WHAT THE EXERCISE ASKS: Locate the line that contains "Atlanta Braves Independence" in the entries below, then repeat it and every following line through the line that contains "Not Guilty Trump", exactly, and no others.

INPUT DATA:
☆ ☆ ☆ ☆
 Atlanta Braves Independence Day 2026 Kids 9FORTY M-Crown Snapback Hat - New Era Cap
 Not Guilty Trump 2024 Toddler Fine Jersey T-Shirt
☆ ☆ ☆ ☆
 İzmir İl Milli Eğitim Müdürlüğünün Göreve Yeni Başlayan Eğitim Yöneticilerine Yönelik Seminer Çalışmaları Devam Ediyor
☆ ☆ ☆ ☆
ANSWER BOX:
 Atlanta Braves Independence Day 2026 Kids 9FORTY M-Crown Snapback Hat - New Era Cap
 Not Guilty Trump 2024 Toddler Fine Jersey T-Shirt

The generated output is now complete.